Courtney Barnett And The Relatable Rock Revival
    • WEDNESDAY, MARCH 04, 2015

    • Posted by: Emily Daly

    Courtney Barnett's new song "Depreston" is great because of the Australian musician's endearing, deadpan drawl, but also for its topic. Two potential home buyers are searching for a place to live in a depressing neighborhood, far away from trendy coffee shops, because it's more affordable. "Now we've got that percolator, never made a latte greater/And I'm saving 23 dollars a week," she sings, echoing the sentiments of those of us who moved to New York City only to realize we had to choose between a hip atmosphere to sip our espresso or buying an adequate amount of groceries.

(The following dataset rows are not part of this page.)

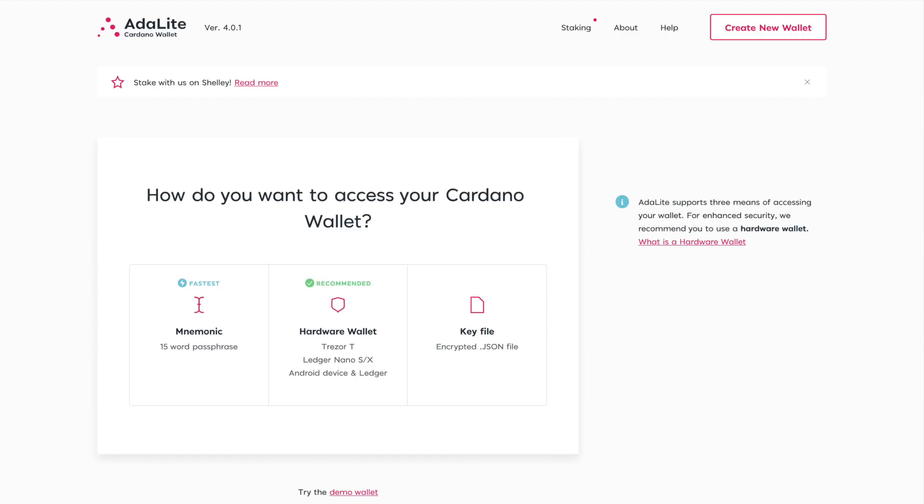So to get things started, we're taking a look at the main page. This is Adalite.io. I'll go ahead and leave a link for you guys down in the description. If you haven't checked out Adalite, I would definitely recommend it. It's a really clean user interface and I think for people who are looking for a seamless way to get started with staking, this is a very user-friendly option.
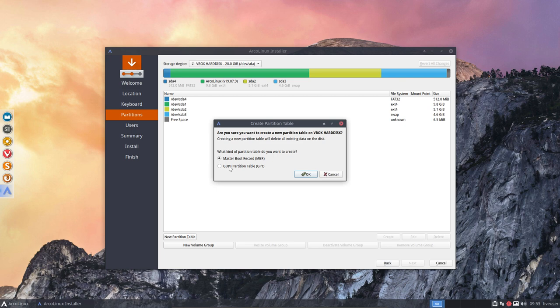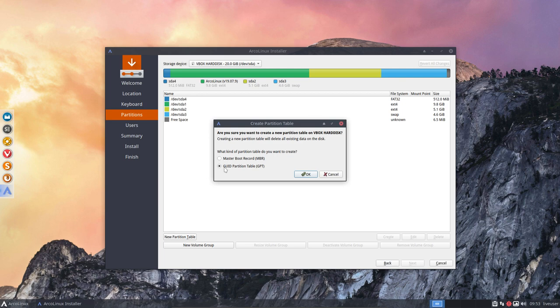So you choose here whatever you want. An easy way to remember is when you put in your USB, if you see a beautiful logo you're booting in MBR. If you see all black with four or five white lines that's going to be GPT. So the system knows it's generally okay.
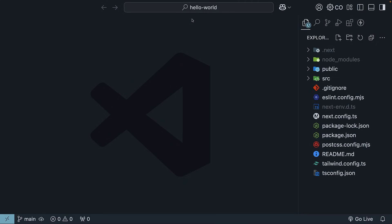I've got the Hello World project open in VS Code, and at the root level we can see 4 folders and 10 files. Let's break this down one by one, starting with the files.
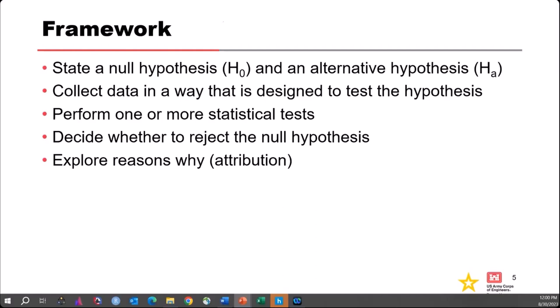Once you have the right data, you can perform one or more statistical tests on it. Based on the results of those tests, you then make a decision on whether to reject or not reject the null hypothesis — note the formal terminology is 'reject or not reject.' Regardless of which outcome you get, you always want to explore why you got that outcome. That's generally referred to as attribution. If a test suggests non-stationarity, you explore why — is it due to climate change, land use changes, or something else? Because that affects how you deal with it in a risk analysis.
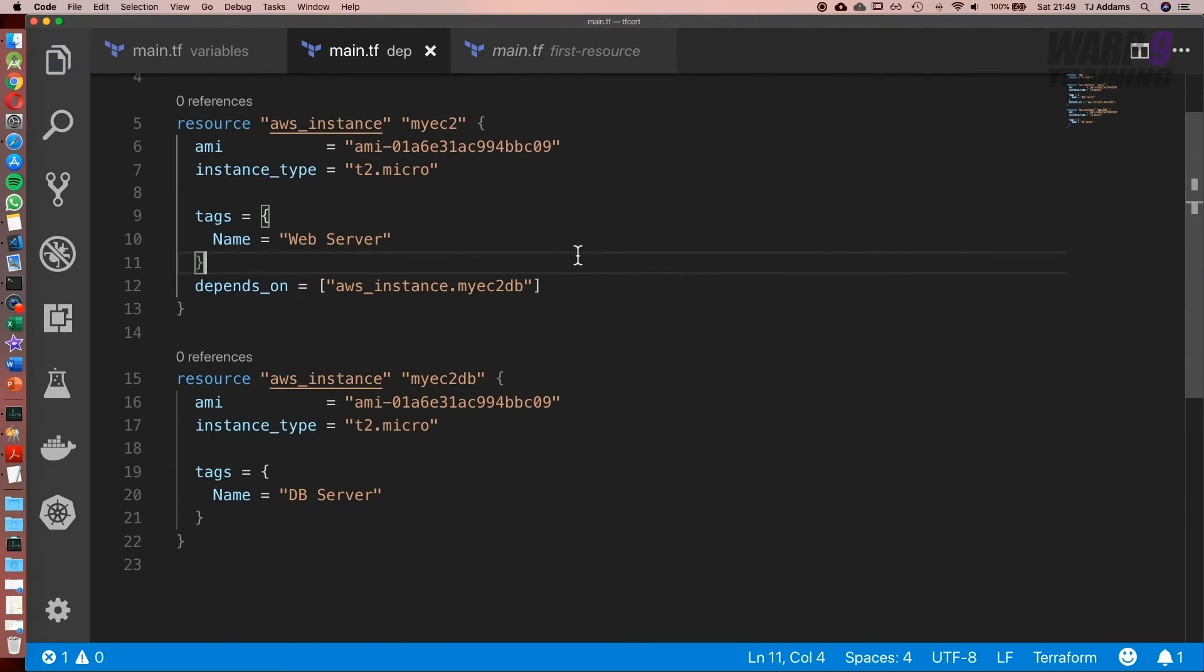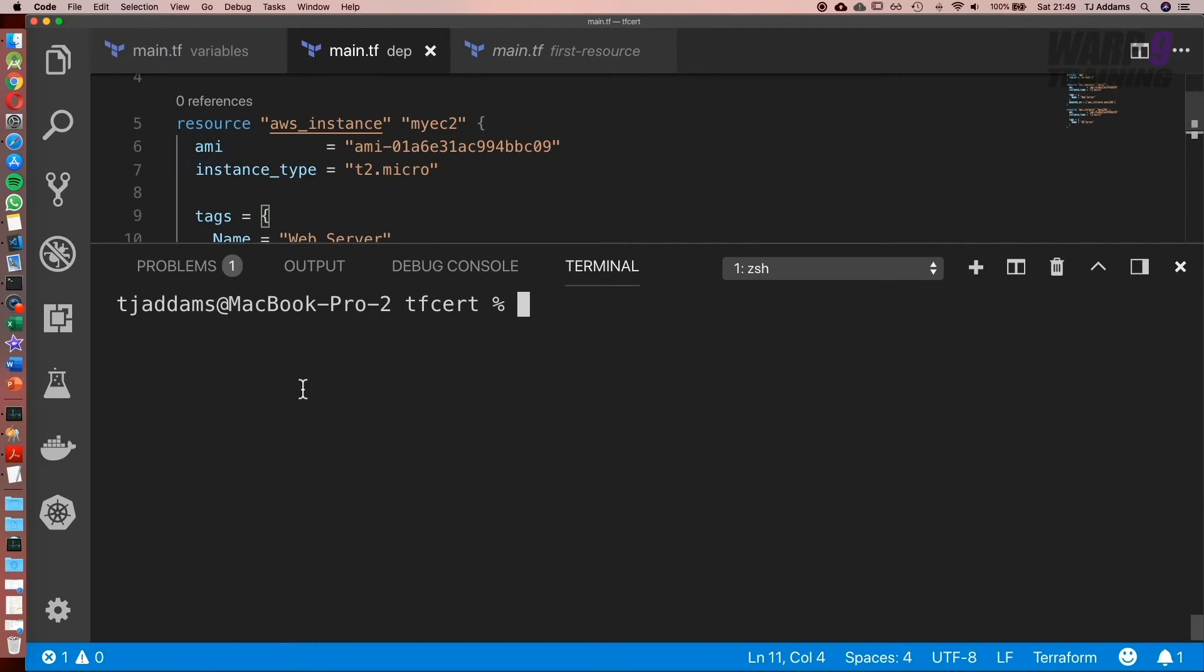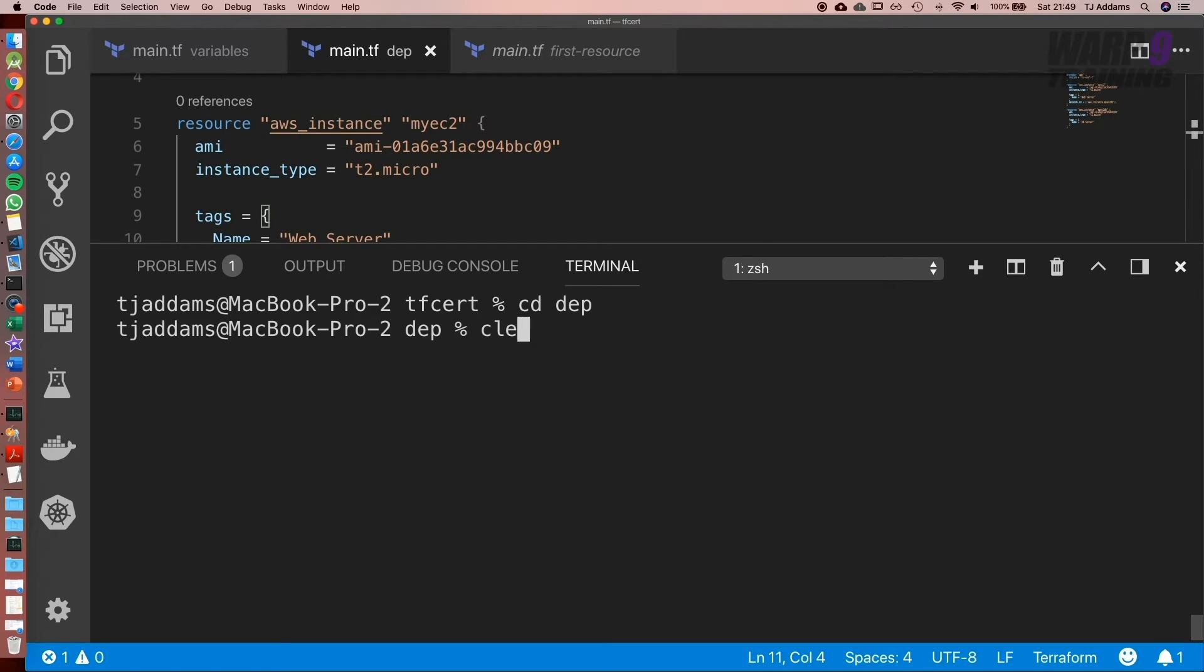Now let's go ahead and run it. So go to our integrated terminal, go to view, integrated terminal, and let's cd into dependencies or dep. Run terraform init.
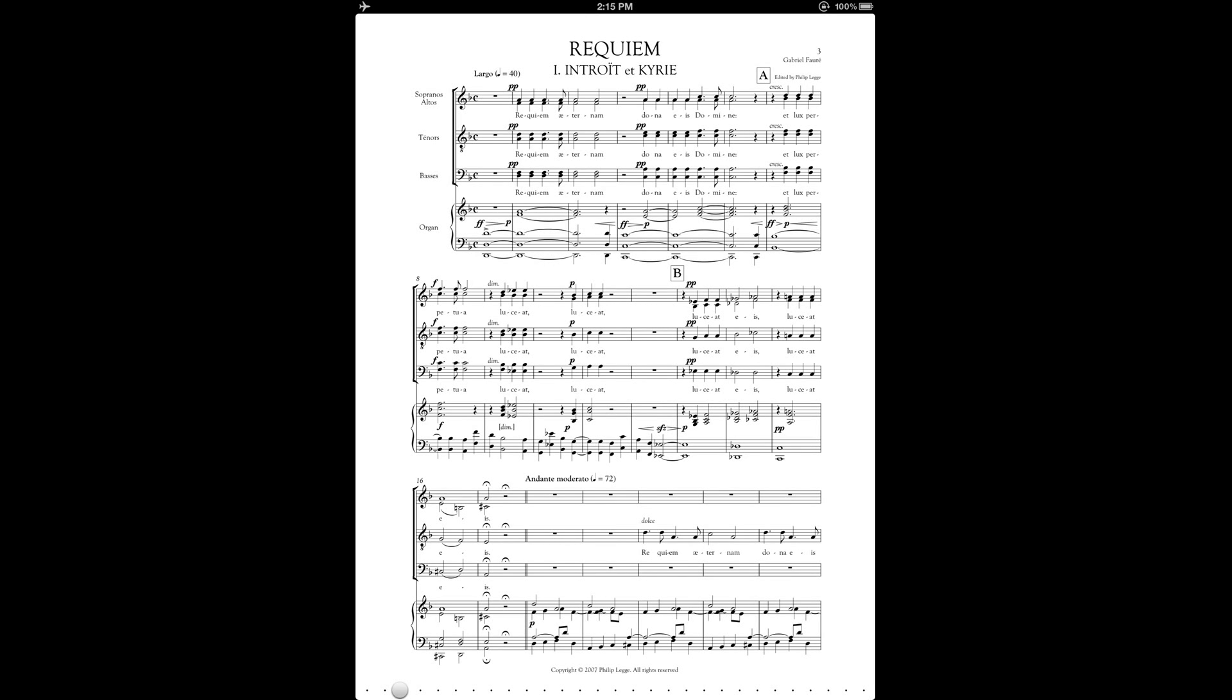Hi, this is a 4score tutorial on the bookmarks feature. Bookmarks in 4score come in handy for a variety of purposes. The most obvious one is to mark specific pages in your score so that you can easily navigate to them later.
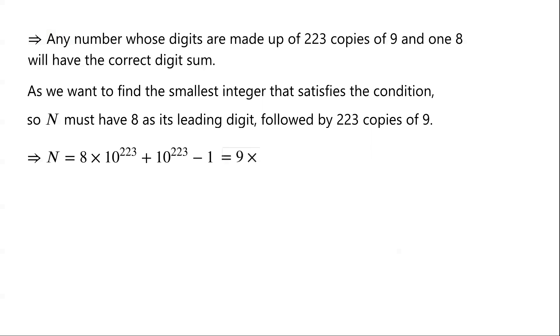So n equals 9 times 10 to the power of 223, minus 1.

    It's refreshing after hearing so many mainstream artists spout off about wealth, and all the glitz and glam that goes with it. In her song "Fancy," Iggy Azalea bragged that she should be admired for having "High heels, somethin' worth a half a ticket on my wrist" and that she's too fancy to "shop at no department." In Drake's song with the same name, he admires a woman for her confidence and smarts, but also because she has a "closet full of brand new clothes and hand bags/Alexander McQueen, Prada, Gucci, Chanel/D&G, BCBG, Versace, Louie and BeBe." In Lady Gaga's "Fashion," she connects power and self-esteem to designer clothes. Beyoncé sings about gettin' down in a limousine. How many of their listeners can actually relate to these lyrics?

    Barnett isn't exactly starting a new trend: Artists have sung about barely scraping by for decades, as exemplified by The Kink's "Dead End Street," Stevie Wonder's "Living For The City," and Donna Summer, to name a few. But now more than ever, money and how it's spent is carefully considered. After past disasters with loans and credit, those who are coming of age now have seen their elders buried under mountains of debt. With rising tuition rates and a job market that could be better, we've (hopefully) realized we have to live within our means. More than ever modern music is acknowledging that, whether through Barnett coming to terms with living in an undesirable neighborhood or Father John Misty's satire song on living in debt and receiving "a subprime loan on a craftsman home." Instead of name-dropping brands, Parquet Courts is dissatisfied and overwhelmed by "one more thing you have to buy/Just one more thing to replace/One more way to block your face."

    Music has always been used to make bold statements about peace, love, war, politics, and so on. Artists like Barnett make the point that it's ok not to be buying fur coats or diamond earrings, because the artists you admire aren't either. They're giving up lattes and living in cheap neighborhoods like the rest of us.